Information provided Block Start
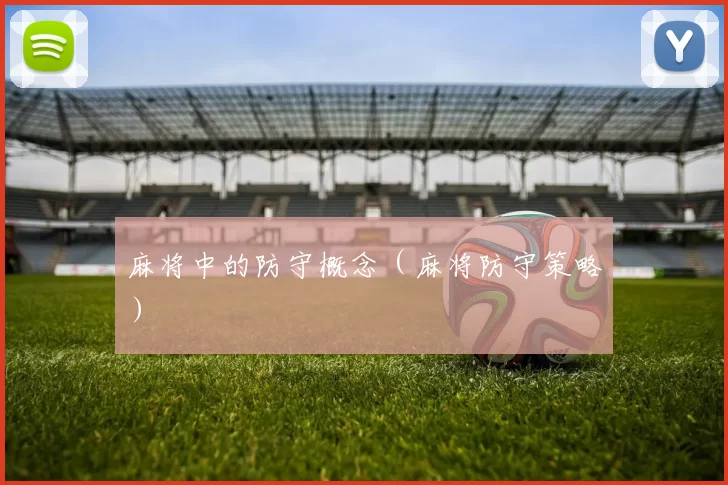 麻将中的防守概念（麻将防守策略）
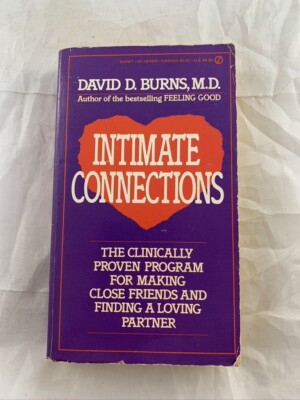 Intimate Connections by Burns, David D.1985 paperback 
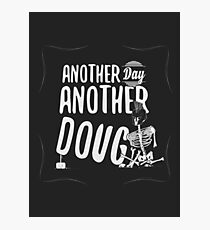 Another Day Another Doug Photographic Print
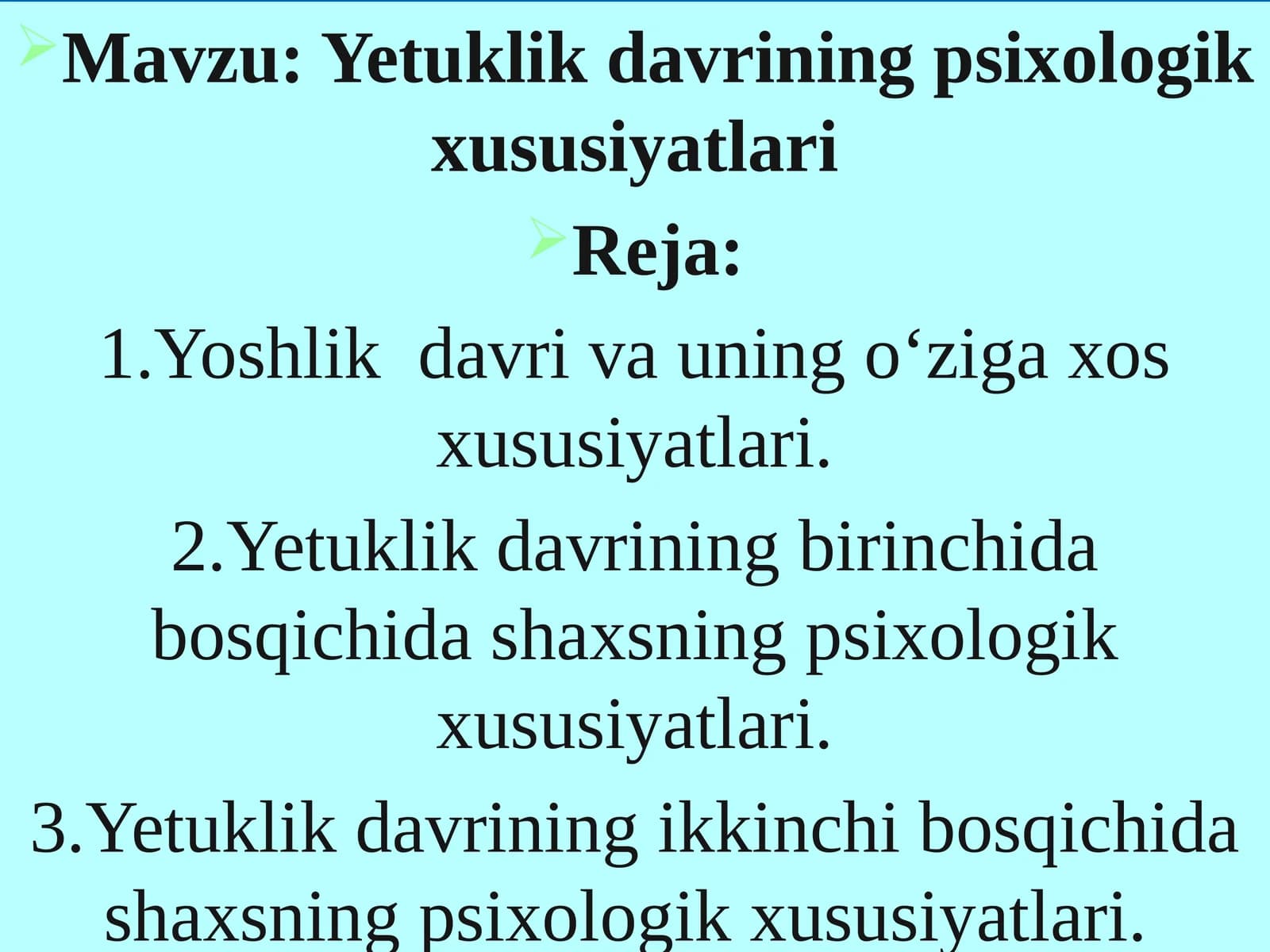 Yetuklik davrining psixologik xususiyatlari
Information provided Block End
* **Exercise prompt**
Output the data above in full. Skip every picture.

* **Solved problem**
 麻将中的防守概念（麻将防守策略）
 Intimate Connections by Burns, David D.1985 paperback 
 Another Day Another Doug Photographic Print
 Yetuklik davrining psixologik xususiyatlari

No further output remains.